Cerium anomaly variations in Ediacaran–earliest Cambrian carbonates from the Yangtze Gorges area, South China: Implications for oxygenation of coeval shallow seawater

Abstract

The late Neoproterozoic ocean witnessed the naissance of animals which is believed to have been stimulated by an increase in oxygen levels in the ocean. However, apart from the emergence of animal fossils, little supporting evidence has been found for the rise of oxygen in shallow seawater. Here we present Ce anomaly data, a redox proxy with a higher reduction potential than many other redox proxies, for carbonates from well-preserved marine successions (the Doushantuo Formation, Dengying Formation and lower Yanjiahe Formation of the Ediacaran Period, and the upper Yanjiahe Formation of early Cambrian) on the Neoproterozoic Yangtze Platform in the Yangtze Gorges area, in order to constrain the redox evolution of the shallow marine environment.
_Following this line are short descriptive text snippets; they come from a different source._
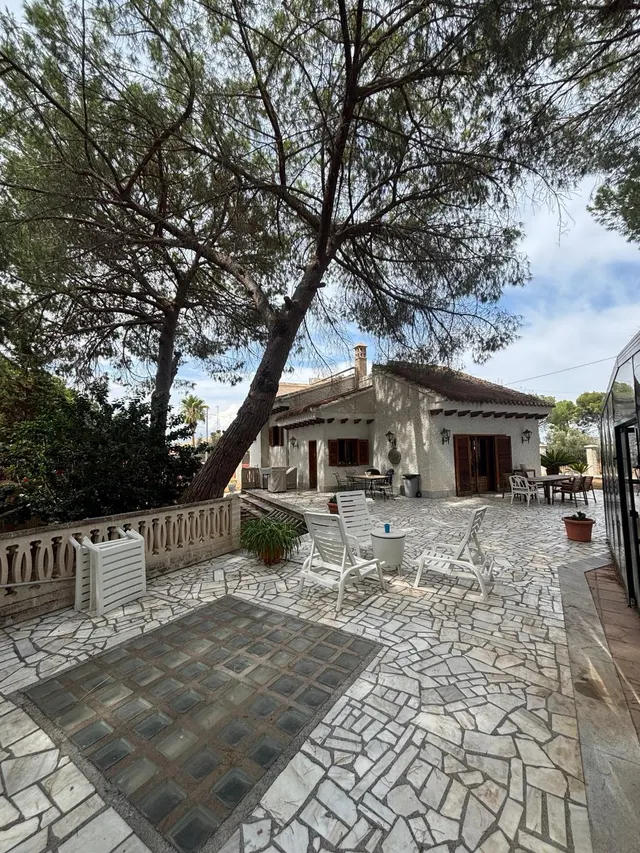 Chalet exclusivo con piscina cubierta de cristal y más de 300 m2 en urbanización Los Teatinos — 7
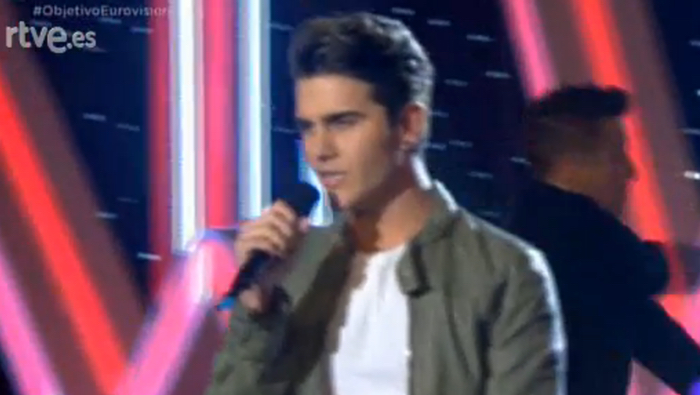 Maverick canta en Objetivo Eurovisión
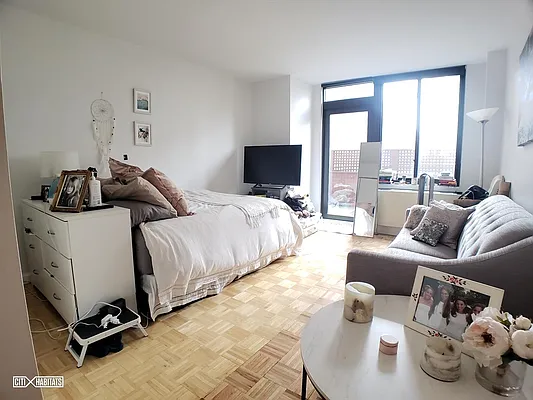 Rented by Citi Habitats | media 18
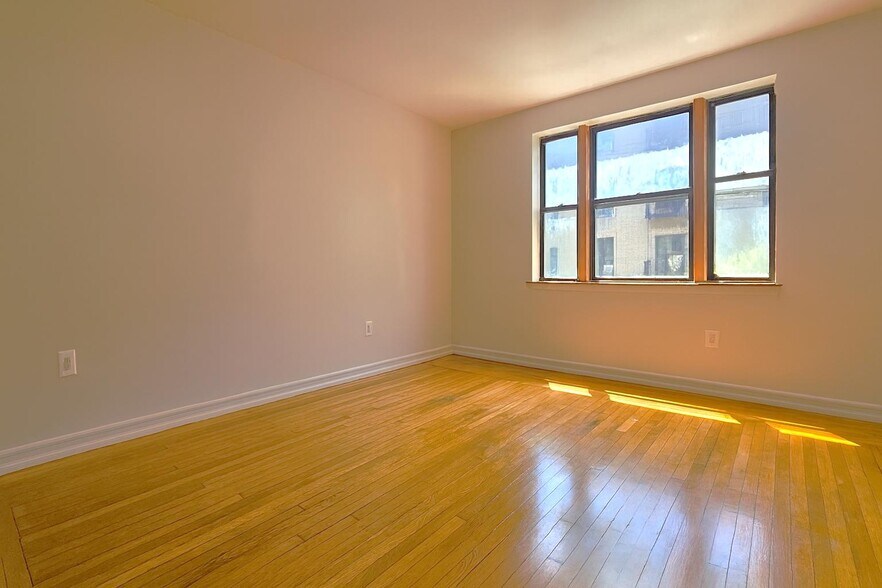 Building Photo - 715 W 172nd St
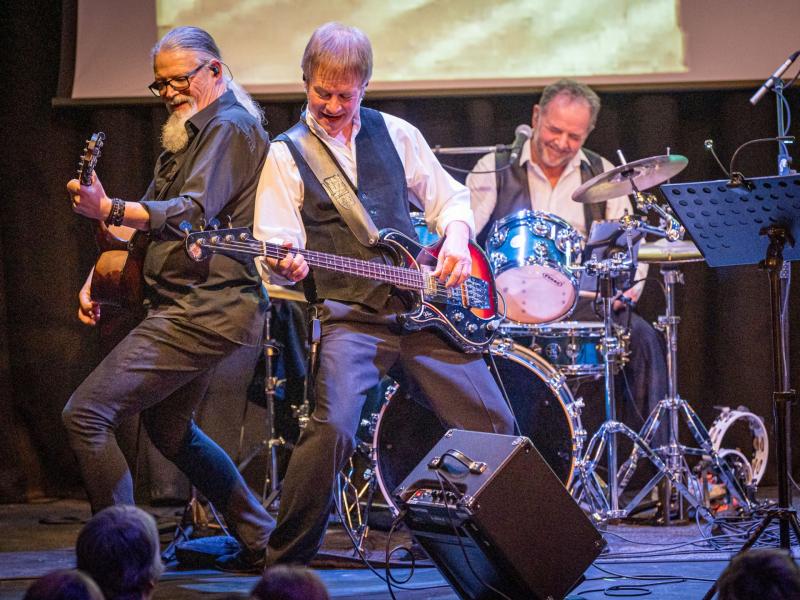 '60s harmony hits to light up Torbay
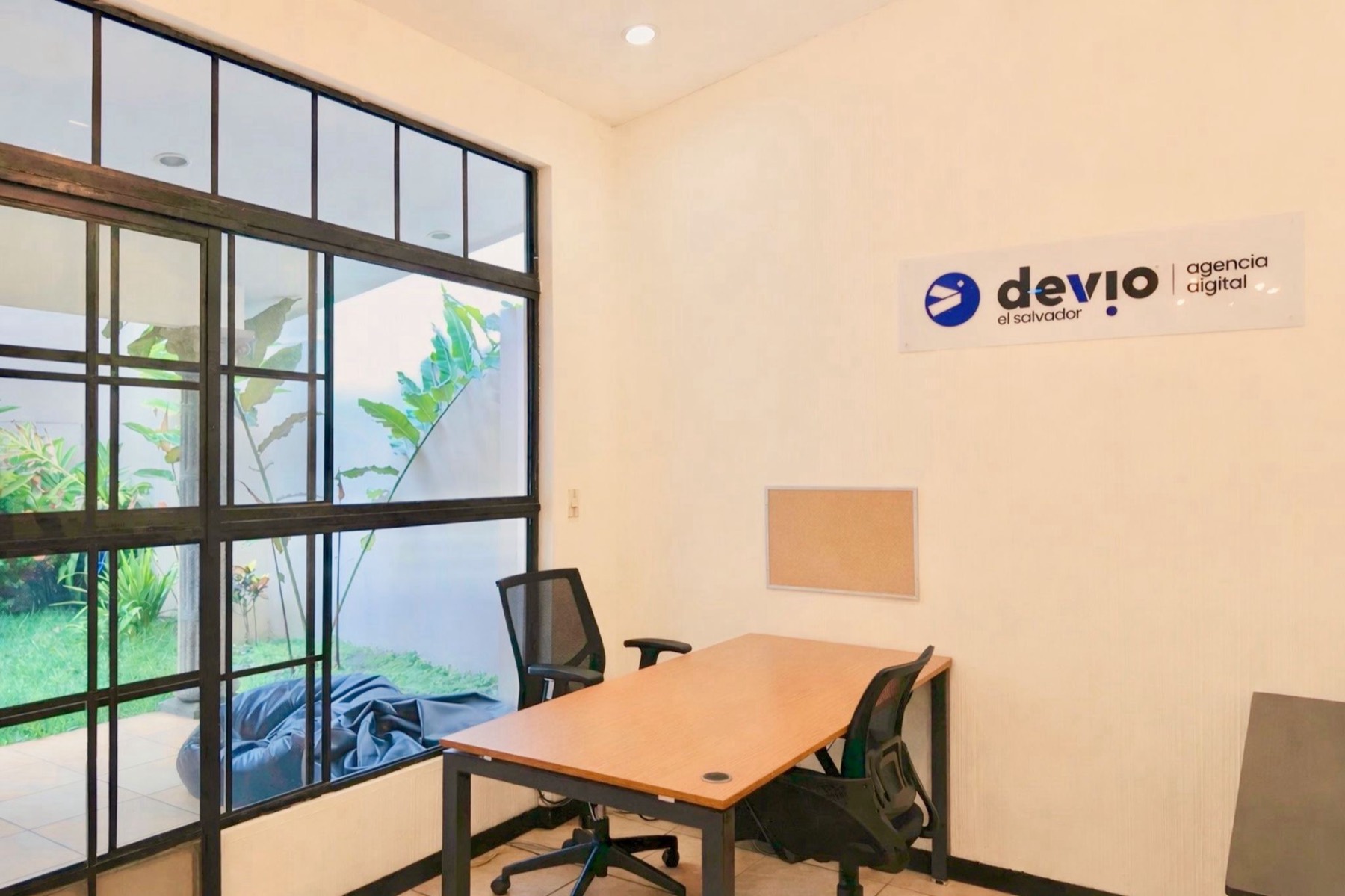 Oficina del grupo en San Salvador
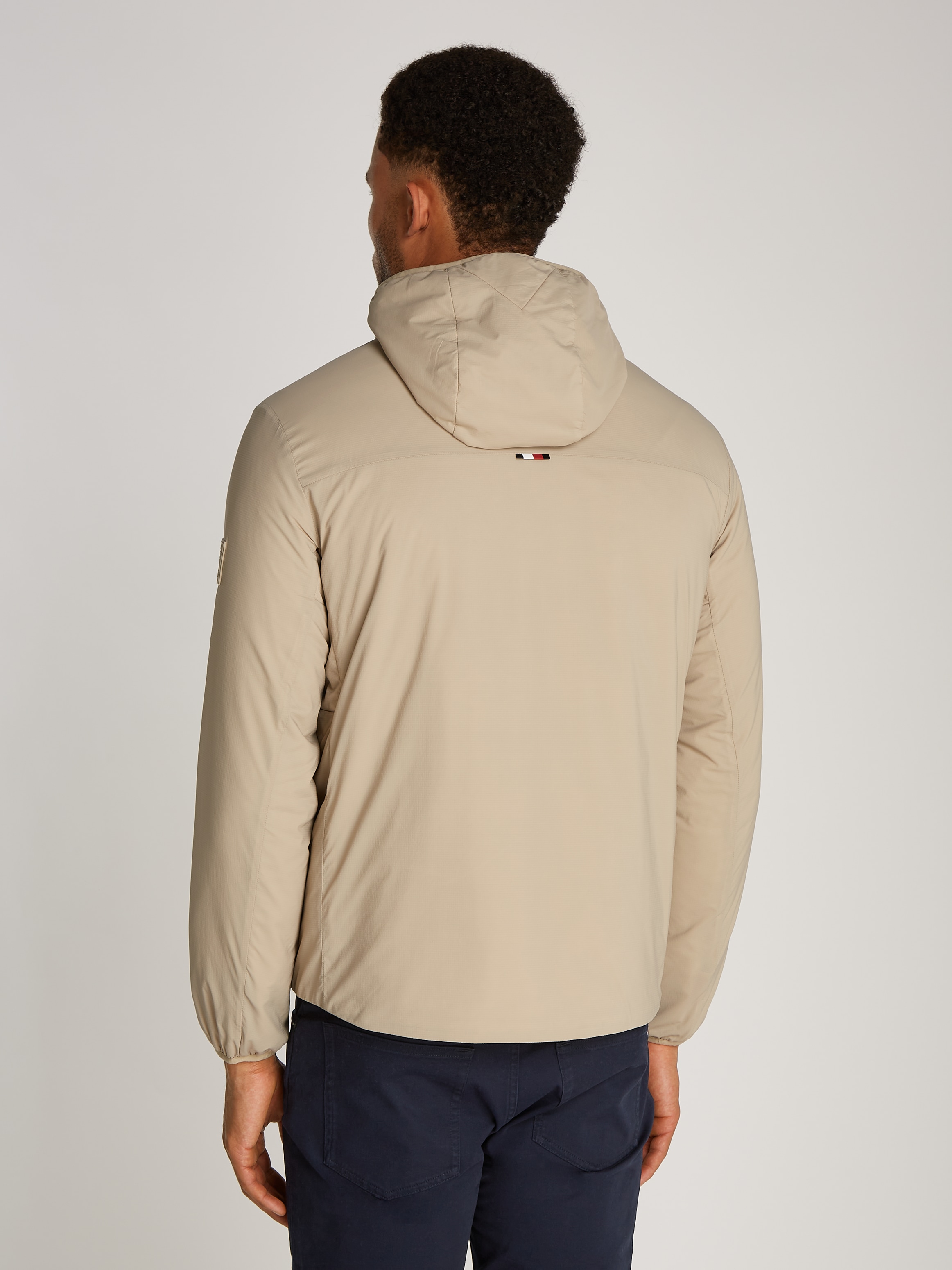 Tommy Hilfiger Kurzjacke »TECH PACKABLE HOODED JACKET«, mit Kapuze, mit Logostickerei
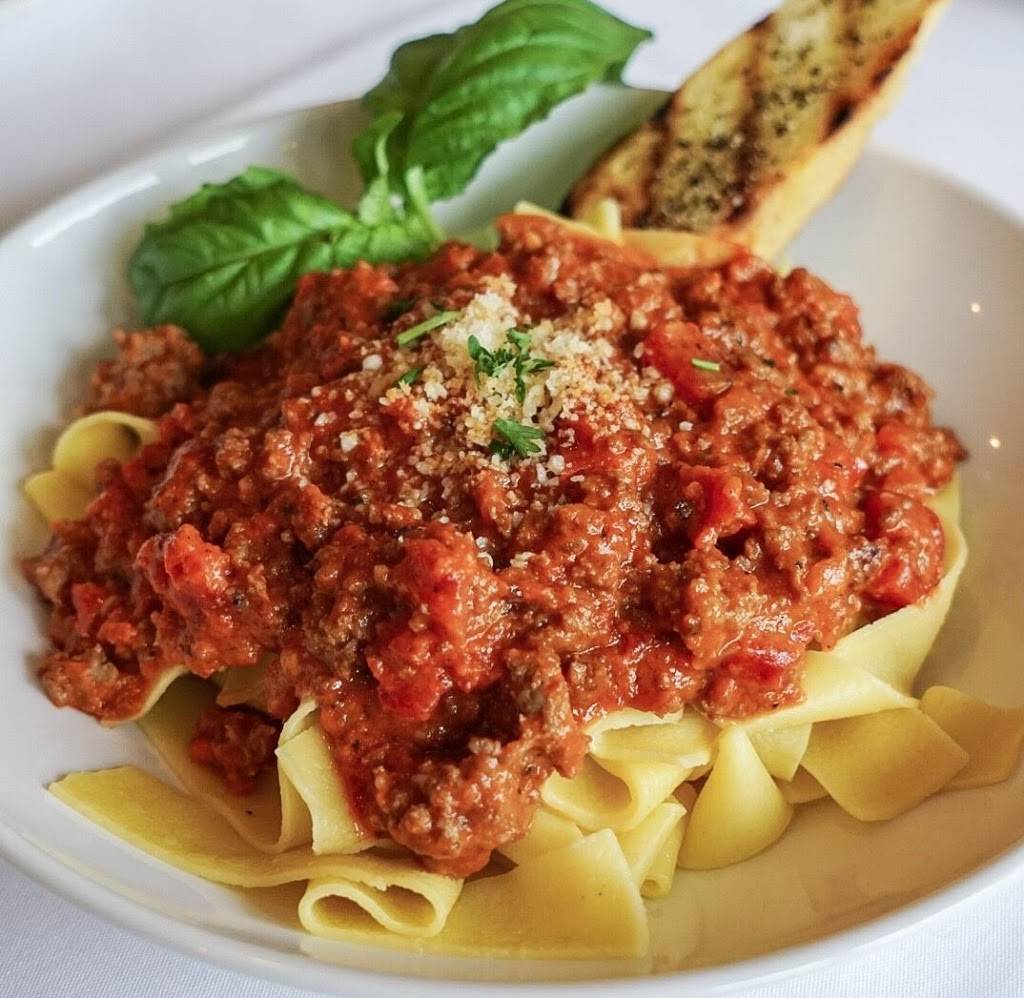 Ginos Italian Grill & Bar | restaurant | 8389 Mayfield Rd, Chesterland, OH 44026, USA | 4406884483 OR +1 440-688-4483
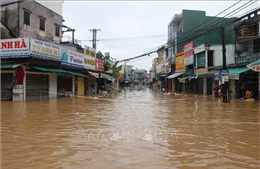 Mưa lũ tại miền Trung: Khoảng 90 xã, phường bị ngập, nhiều tuyến đường ách tắc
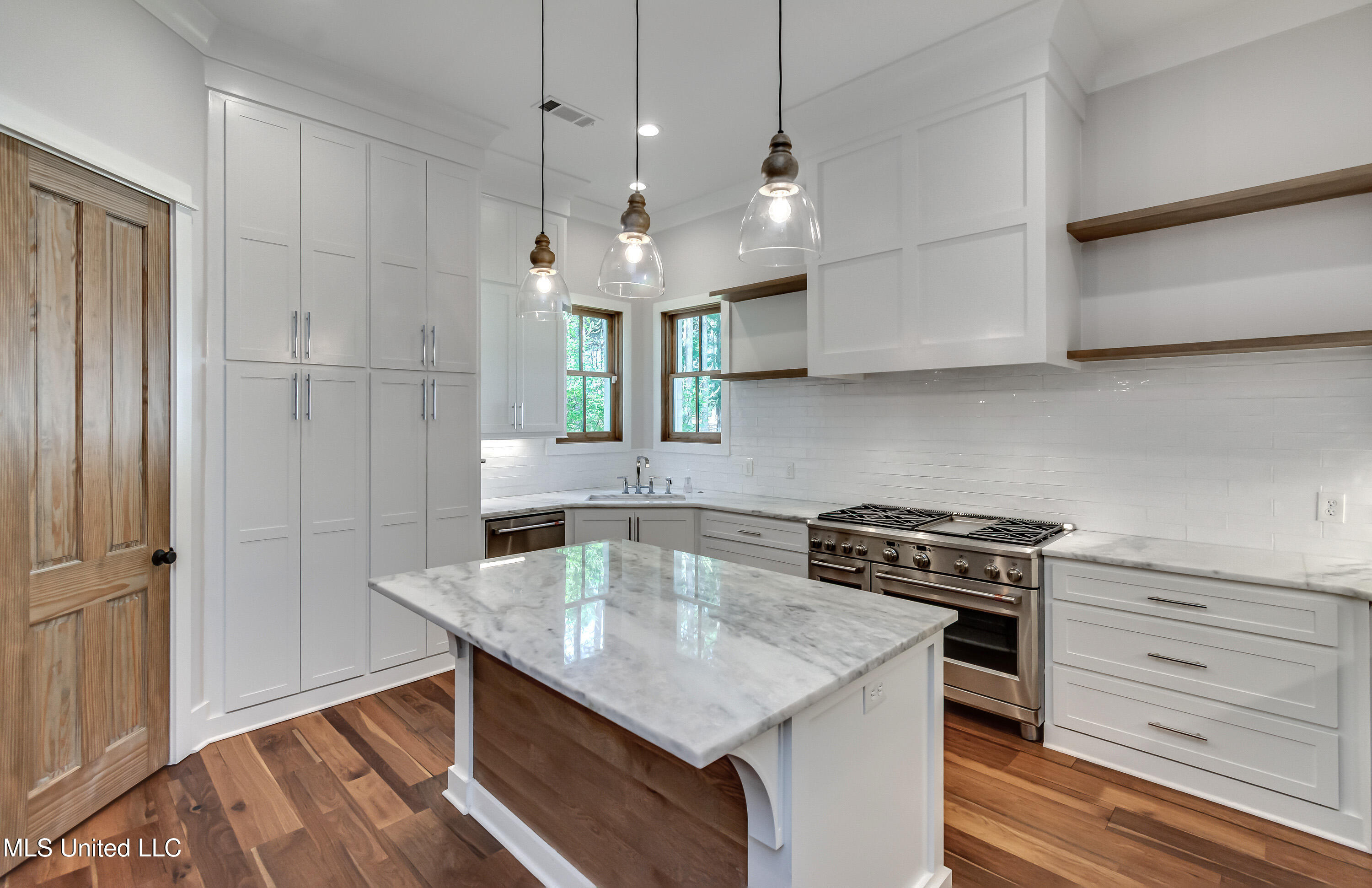 Madison, Mississippi 39110, United States, 4 Bedrooms Bedrooms, ,4 BathroomsBathrooms,Residential,Pending,159450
Calculated Ce anomalies were screened, using the following criteria: Al<0.35% and Fe<0.45% in bulk rock, Th<0.5ppm, Sc<2ppm, ΣREE<12ppm and Y/Ho>36 in acetic-acid-leached carbonate, to target samples that preserve primary seawater REE features and Ce anomalies. The samples satisfying this screening show seawater-like REE distribution patterns in leached carbonates and may have recorded Ce anomalies of the seawater from which the carbonates precipitated. These data show that the Doushantuo Formation has Ce/Ce* values between 0.92 and 0.71, the Dengying Formation between 0.90 and 0.40, and the Yanjiahe Formation between 0.52 and 0.72. The Ce/Ce* values of the Doushantuo Formation suggest that shallow waters during the Doushantuo stage (635–551Ma) were anoxic to suboxic. From the bottom to the top of the Dengying Formation, Ce/Ce* values decrease systematically, which cannot be explained by a change in depositional depth of the carbonate but suggests that the shallow waters became more oxygenated during the Dengying stages (from 551Ma to Ediacaran–Cambrian boundary). These results may provide direct evidence for an increase in oxygen levels in the shallow marine environment during the Ediacaran Period.